Most people know metadata as ‘data about data’, which is true but makes it sound boring – and that’s coming from a data scientist! A better explanation is that metadata is information that allows you to quickly determine whether the data is fit for your purpose. The best part about it is that you don’t have to spend hours accessing and analysing the actual dataset itself – which can be very time consuming.
So, how does metadata help you discover data?
Metadata tells the story around the data. And it’s the story – made up from keywords, titles, description, file format, location, date etc – that can make discovering data and research much easier. If your catalogue has 300,000 entries, there’s no way anyone is ever going to manually look through them all. Search engines match your search terms against keywords in the metadata and rank them accordingly. Without metadata, it'll be very hard to find what you're looking for.
Could you say a metadata catalogue is kind of like a Google search engine?
Yep. Yep. Google is the ultimate metadata catalogue.
How did our metadata catalogue come about?
I’ve been building databases at NIWA since 2006, and Julie Hall [Challenge Director] who also has an interest in this space, gave me a call one day. She saw a need for Sustainable Seas to have a catalogue of the datasets being produced. So, we built a generic data management system for Sustainable Seas, together with two other National Science Challenges – Deep South and Our Land and Water.
We have many different people interested in our work, from researchers, policy makers, Māori partners and stakeholders to local community groups. Can anyone use it?

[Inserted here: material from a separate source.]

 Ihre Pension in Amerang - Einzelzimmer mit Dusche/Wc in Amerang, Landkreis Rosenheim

Anyone with an interest can use the catalogue. It is designed so that anyone should be able to look at the metadata entry and understand what the data is about. In some cases, they can access the actual dataset via a link, or at least who to contact for more information. Some of the datasets can be embargoed or have intellectual property rights associated with them, so the information in the metadata entry can help facilitate a connection with the dataset holder.

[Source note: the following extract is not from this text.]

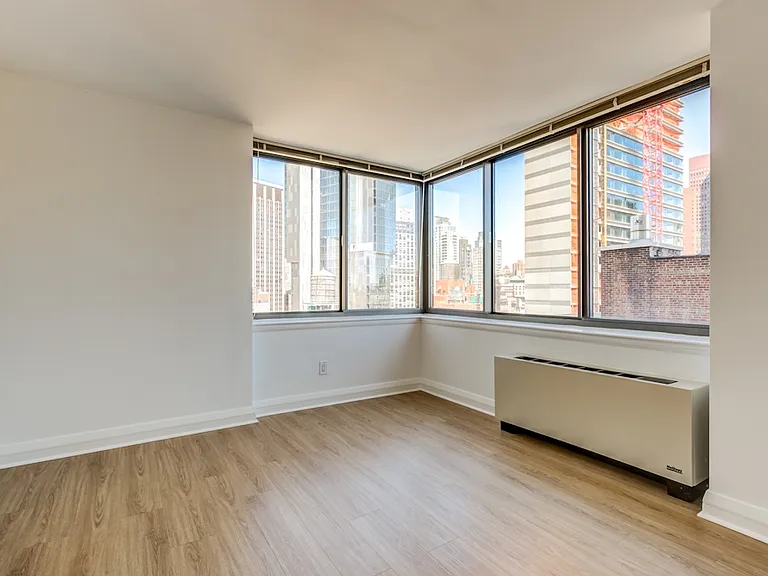 800 6th Ave #19-G — Photo 6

If I’m a researcher, why should I care about metadata?
Most scientists are keen to have their work built on by others. Metadata helps other researchers find your data. And conversely, helps researchers find other datasets that can inform their research. There’s an increasing trend for not just scientific publications to be published, but also for data to be published. The research world now is analysing, comparing, and collating emerging datasets, and this can provide us with richer insights and better information [See Editor’s note].
In terms of measuring academic success, it’s not just the number of people citing your paper - there is additional kudos from data reuse citations. Essentially, the 20th century was about publishing papers; 21st century is about publishing data.
Editor’s note: Last year StatsNZ combined data from the 2018 General Social Survey with data from Environment Aotearoa 2019, to compare what New Zealanders thought about the state of our environment with empirical monitoring data. 74% said we have an issue with the state of oceans and sea life, and most cited household waste or sewage/stormwater discharge as the cause. However, the environmental reporting data shows that significant pressures on our marine environment are fishing, pollution, climate change and invasive species.